An employment-based green card is an excellent solution for many foreign nationals who wish to live and work in the United States and for U.S. employers who wish to employ them. However, applying for an employment-based green card is a complex, multi-step process. Below are answers to some frequently asked questions.
Which category of employment-based green cards is best for me?
The three most common employment-based green card categories are first preference (EB-1), second preference (EB-2) and third preference (EB-3). The first-preference category is reserved for immigrants who can demonstrate they have extraordinary ability in their field as well as outstanding professors and researchers and certain multinational executives and managers. EB-2 is for immigrants who work in professions requiring advanced degrees, who have exceptional ability, or who qualify for a national interest waiver because their employment in the United States would greatly benefit the nation. The EB-3 category is the most inclusive. It’s open to professionals whose jobs require at least a U.S. bachelor’s degree or the foreign equivalent; skilled workers, whose jobs require at least two years of training or experience (which may include relevant education); and other workers with less than two years of relevant experience, training or education. These visas are not for temporary, seasonal positions.

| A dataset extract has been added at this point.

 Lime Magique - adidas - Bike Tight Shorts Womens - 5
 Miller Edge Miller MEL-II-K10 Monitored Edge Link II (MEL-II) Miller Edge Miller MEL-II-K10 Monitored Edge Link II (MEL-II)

The qualifications for EB-1 are more stringent than for EB-2, and likewise with EB-2 versus EB-3. But there is some overlap between the categories, so many people may qualify under more than one category. However, by applying for a visa in the highest-preference category for which you are eligible, you will likely get your work visa more quickly.
What is the first step in applying for an employment-based visa?
That depends on the preference category and subcategory within each one. People who are applying for an EB-1 visa based on their extraordinary ability or those who are applying for an EB-2 visa because they have a national interest waiver can self-petition using Form I-140, Petition for Alien Worker with U.S. Citizenship and Immigration Services (USCIS).
Outstanding professors/researchers and multinational managers/executives who are applying for an EB-1 visa and most people applying for employment-based green cards in other preference categories will need to be sponsored by a U.S. employer, who must file Form I-140 on the worker’s behalf.
For most EB-2 and EB-3 workers, employers must first go through the PERM process to receive permanent labor certification from the U.S. Department of Labor (DOL). This document will verify that there are no U.S. workers who are willing, able, qualified and available to accept the job at the prevailing wage for that occupation, level and geographic area, and that by hiring a foreign worker, the employer will not adversely impact the job opportunities, wages and working conditions of U.S. workers.
Once the DOL approves the PERM application, the employer’s next step is to file Form I-140 with USCIS.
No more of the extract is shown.